Genre usé jusqu’à la corde, caricaturé à l’extrême, prétexte aux débauches numériques les plus extravagantes, le film d’invasion extra-terrestre est quasi mort, écrasé sous le poids de ses excès. Que le renouveau arrive par Denis Villeneuve n’est pas la moindre des surprises. Cinéaste ambitieux, le Québécois a souvent péché par le trop-plein, comme s’il était angoissé par le hors-champ. Dire, montrer, être le plus explicite possible, c’est l’anti-thèse précisément de Premier contact, beau film sur le langage, sur l’impérieuse nécessité de l’écoute, sur le temps : le temps qu’il faut donner à l’autre pour se faire comprendre, le temps qu’il faut se donner pour se comprendre soi-même. Denis Villeneuve trouve ici un point d’équilibre précieux entre son propre lyrisme, l’austérité surprenante de son scénario et les codes du genre, pour atteindre une grâce éblouissante, en contournant astucieusement quelques pistes attendues.

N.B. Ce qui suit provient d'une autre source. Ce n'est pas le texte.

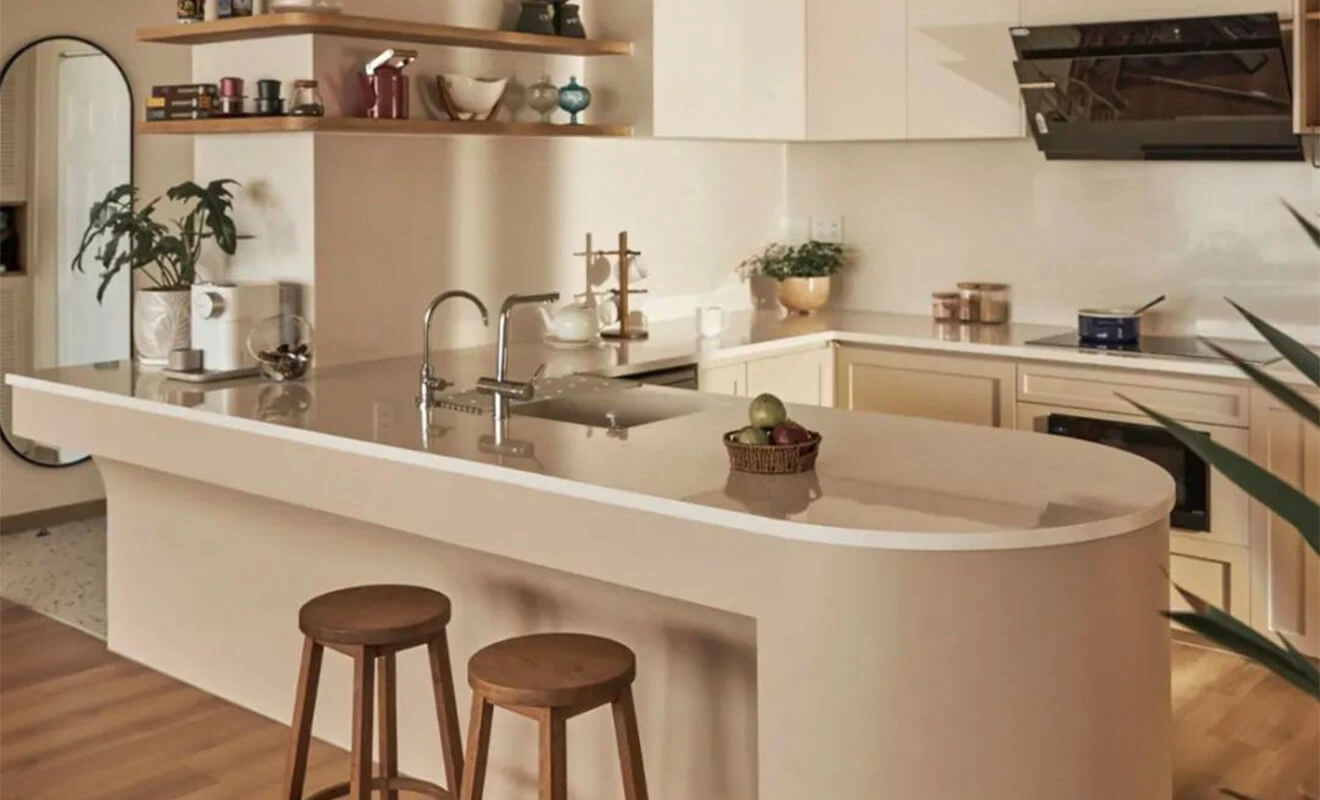 Kitchen island integrated with architectural structural elements Kitchen island integrated with architectural structural elements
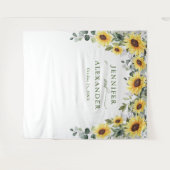 Elegant Eucalyptus Wedding Foto Booth Hintergrund Wandteppich (Vorderseite (Horizontal))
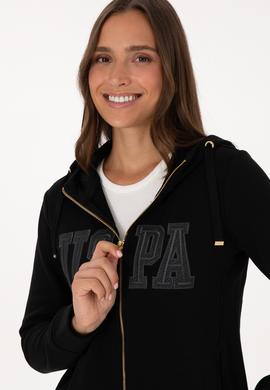 Kadın Siyah Fermuarlı Kapüşonlu Basic Sweatshirt - 50307769005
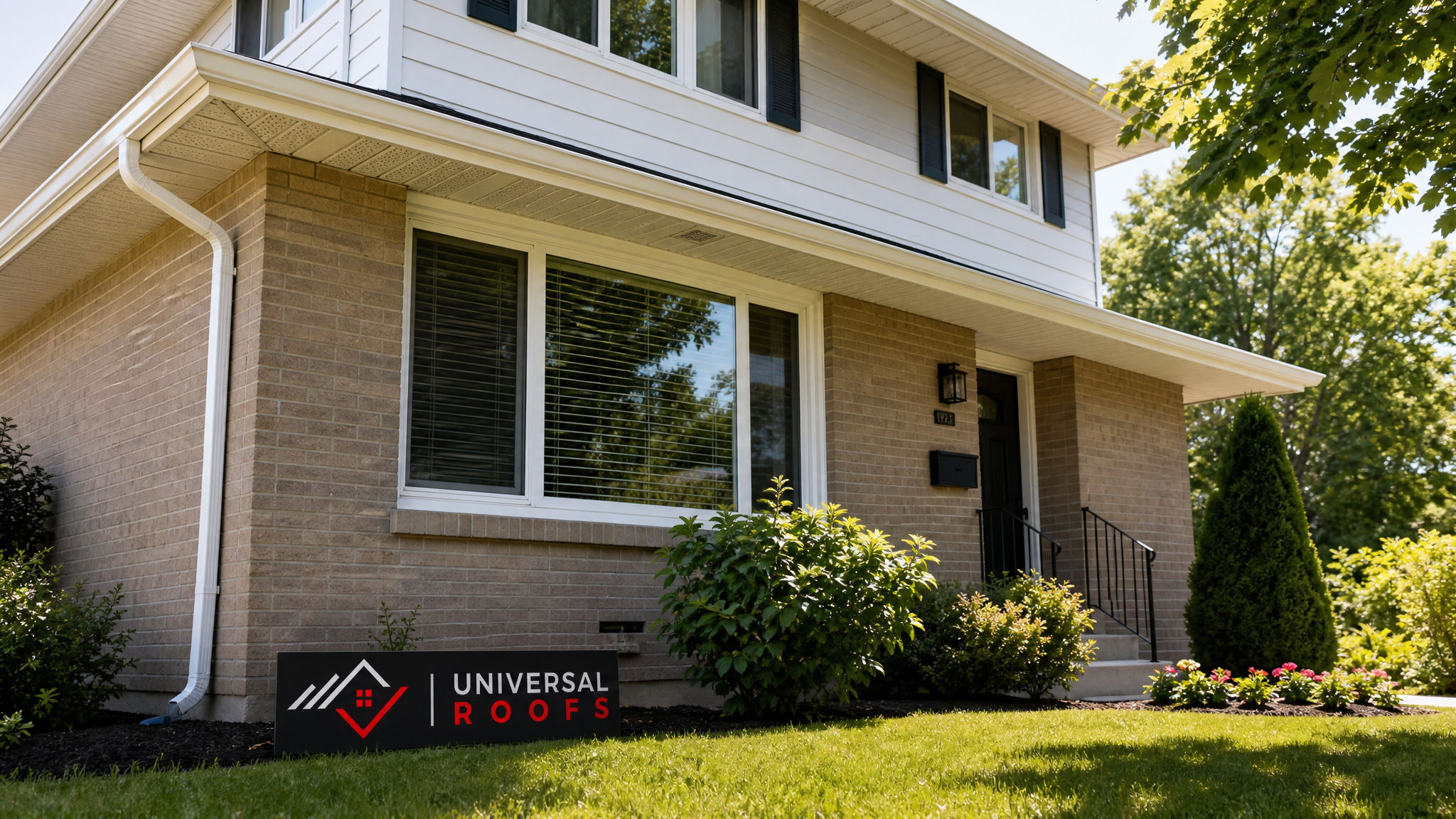 Freshly installed white vented aluminum soffit and matching fascia along the eaves of a Toronto two-storey home in summer daylight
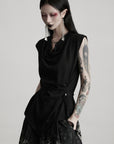 DOINDULGE Drape Shoulder Vest with Asymmetric Hemline and Textured Knit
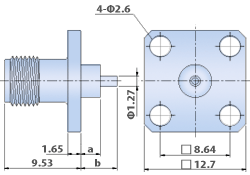 SMA Connectors RF - 4 Hole Flange Mount Jack, Straight Terminal Type Panel and Bulkhead Connector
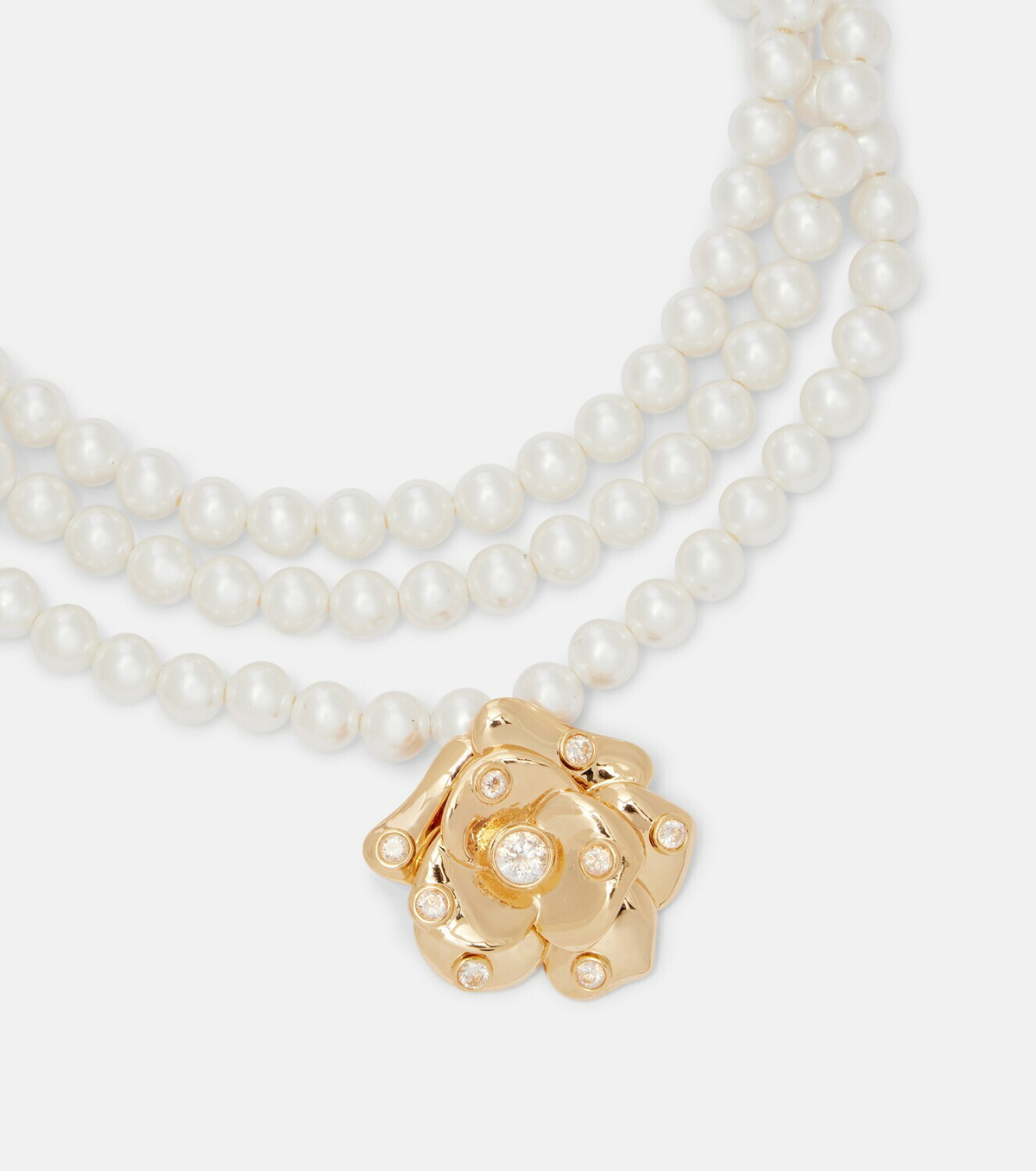 Self-Portrait Crystal-embellished floral choker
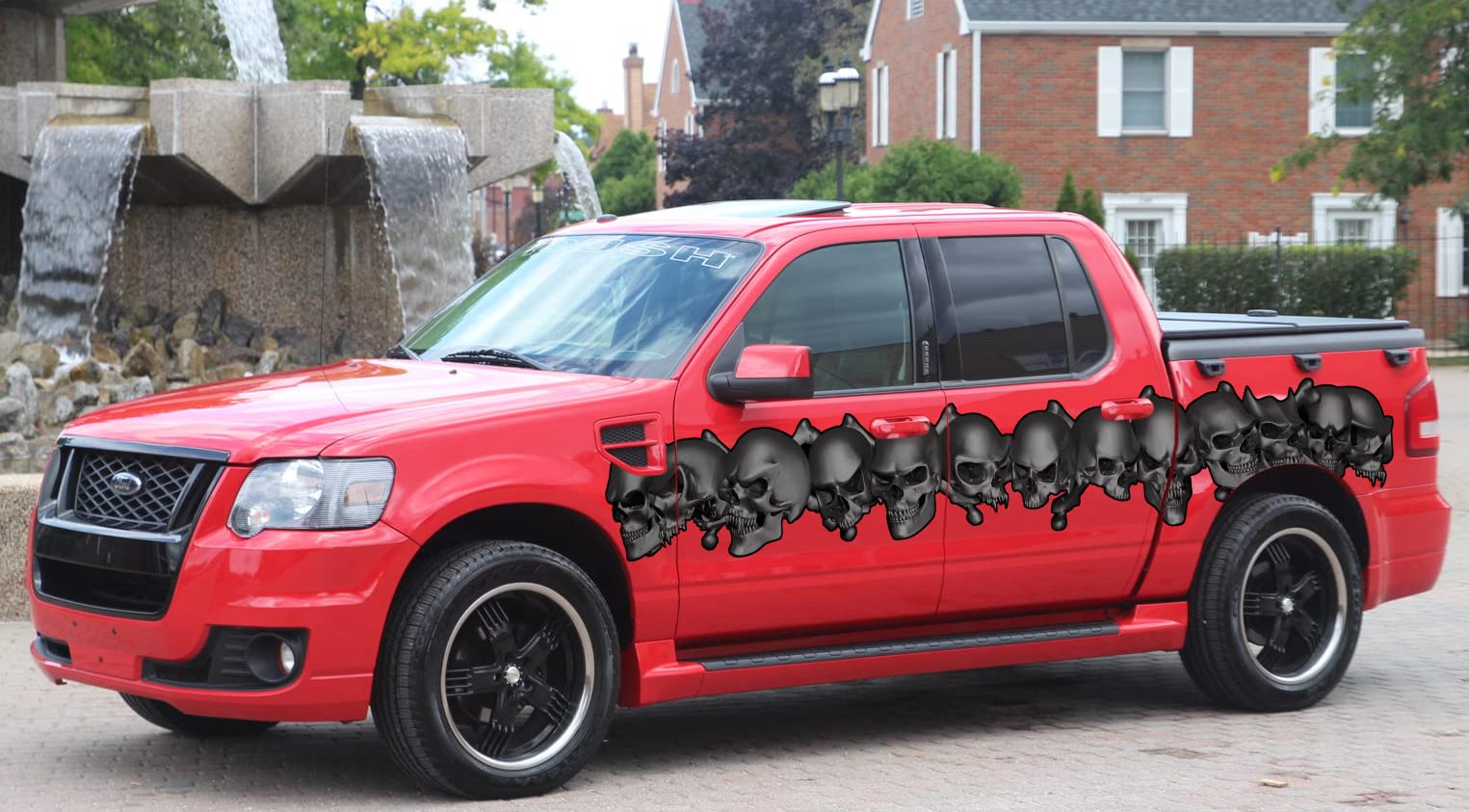 3D Skull Car Wrap Vinyl Decal - Tribal Skulls Street Racing Graphic Sticker (22x70 inches) - Perfect for Car Hood, Doors, Windows & Motorcycle Customization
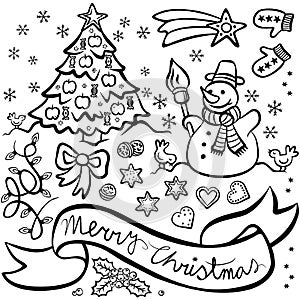 Christmas and winter holidays illustration set
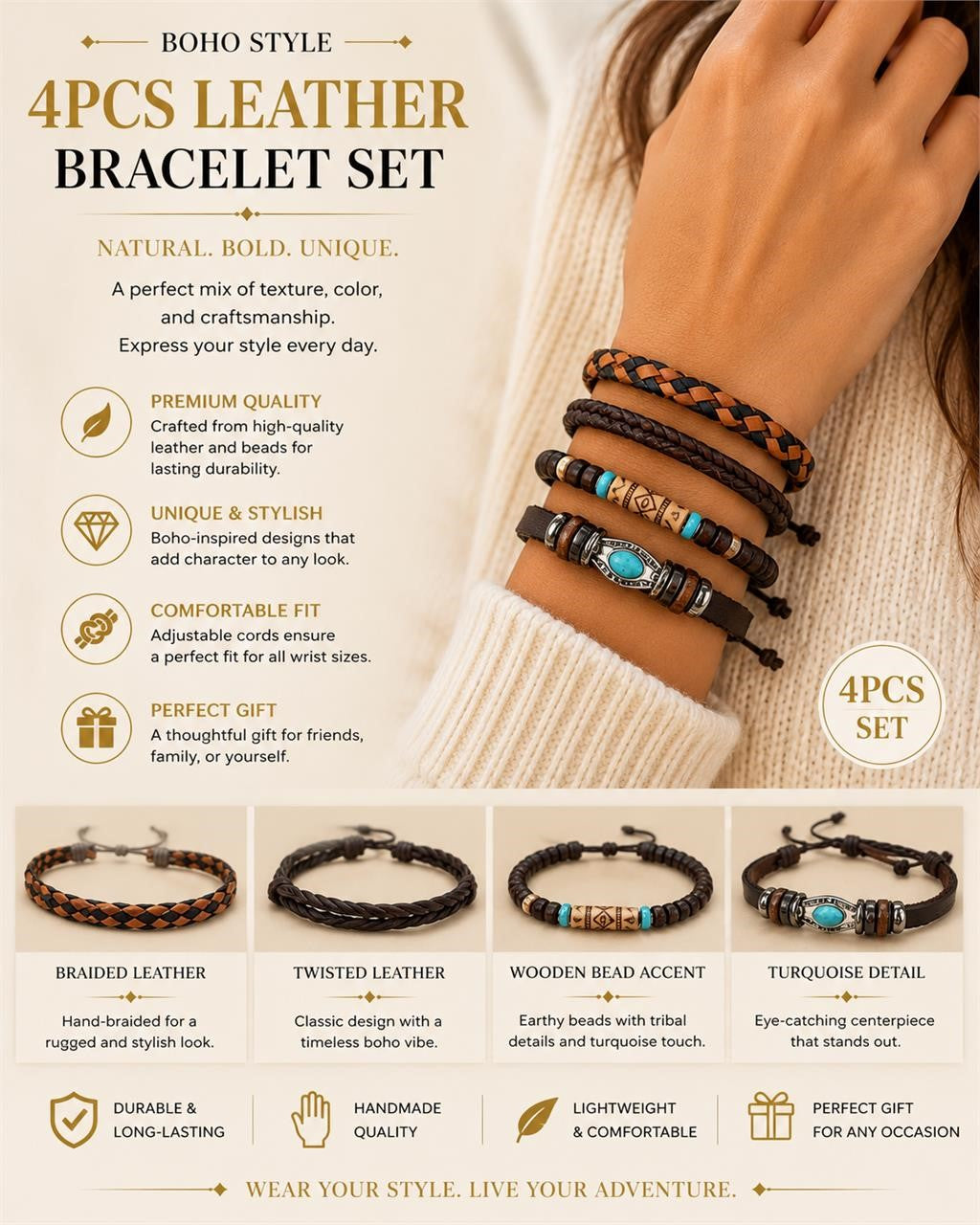 4 Piece Boho Leather Bracelet Set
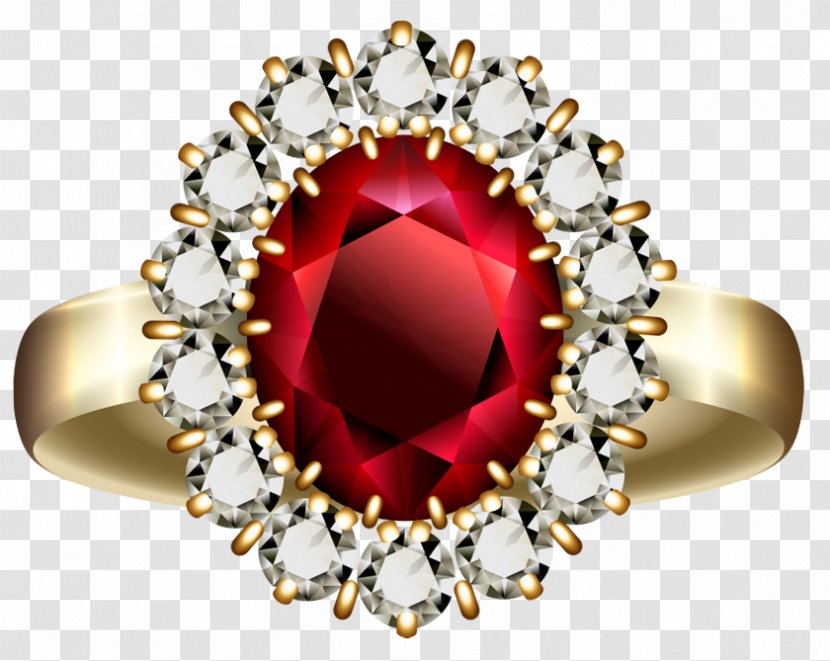 Engagement Ring Ruby Diamond Clip Art - Transparent And Clipart Transparent PNG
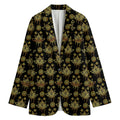 Black And Gold Lotus Flower Print Women's Blazer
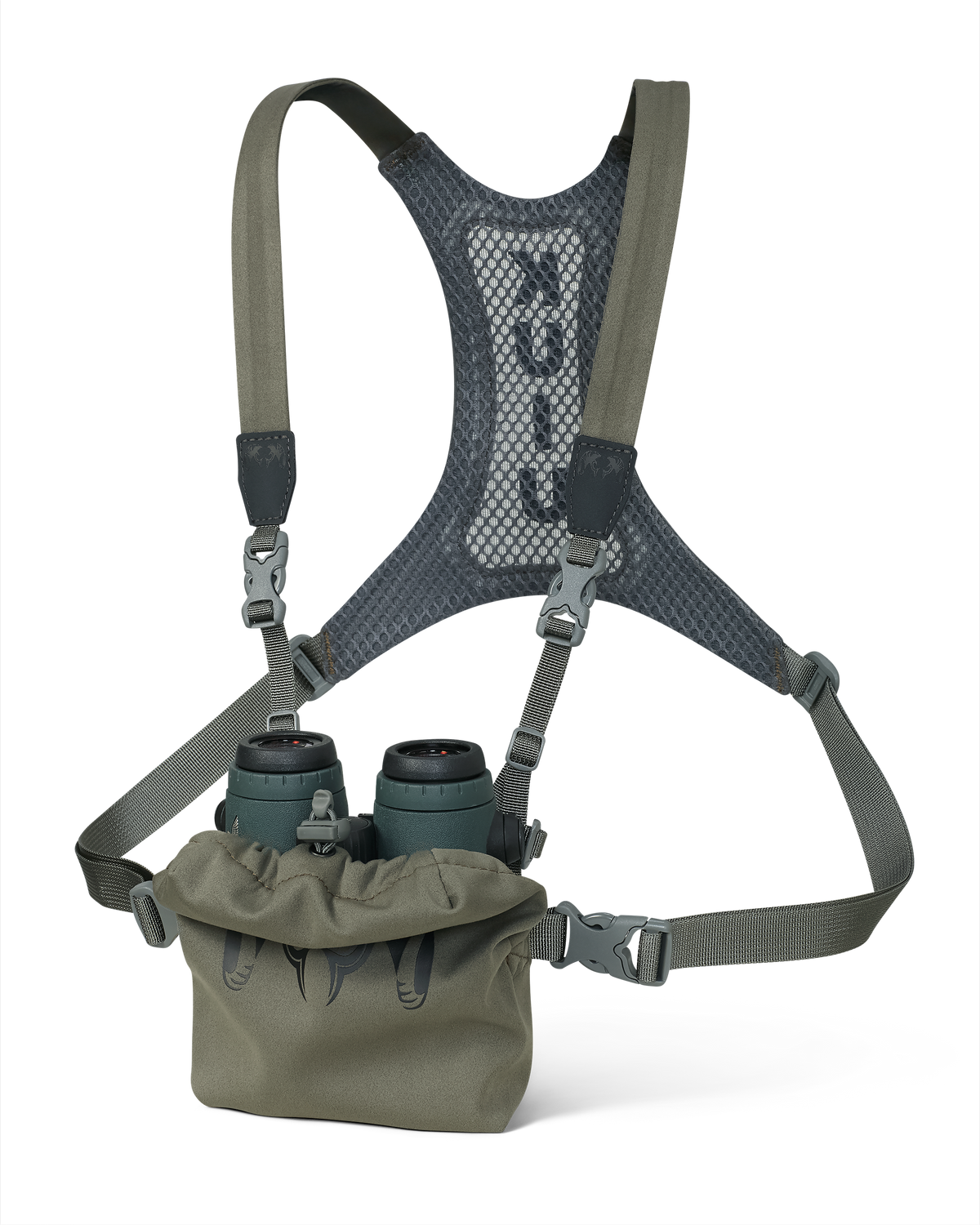 Front, Angled View of Ultralight Bino Harness in Ash Brown, Showcasing binoculars inside the pouch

Pas de grande surprise dans les premières minutes du film, qui débute exactement comme on peut l’imaginer : un beau matin, douze gigantesques objets volants non identifiés apparaissent aux quatre coins du globe. Sortes de gros galets noirs en lévitation verticale (on dirait le monolithe de 2001 redessiné par un designer d’Apple), ils provoquent la stupeur et l’interrogation : ces extra-terrestres sont-ils hostiles ou viennent-ils en paix ? Aux États-Unis, Louise, une linguiste chevronnée (Amy Adams) est dépêchée sur le site pour établir un contact avec les aliens et tenter de déchiffrer ce qui s’apparente à une forme de langage… avant qu’un autre pays, moins enclin aux négociations, ne dégaine ses armes le premier.
Le monde du silence
Évacuons le sujet d’emblée : les enjeux géopolitiques déployés dans le film ne sont pas son point fort. Les circonvolutions imaginées par le réalisateur et son scénariste pour évoquer les crises politiques déclenchées par l’irruption des vaisseaux donnent lieu à un défilé de lieux communs qui, s’ils ne sont pas déconnectés de la réalité, frisent tout de même la caricature. Heureusement, la question diplomatique n’est ici qu’un ressort dramatique, un accessoire. Le cœur du film bat dans la trajectoire personnelle de son héroïne, marquée par un trauma familial et portée par une ambition qui dépasse amplement le cadre professionnel. Dans le rôle, Amy Adams, omniprésente, est remarquable, trouvant un équilibre miraculeux entre détermination, inquiétude et chagrin.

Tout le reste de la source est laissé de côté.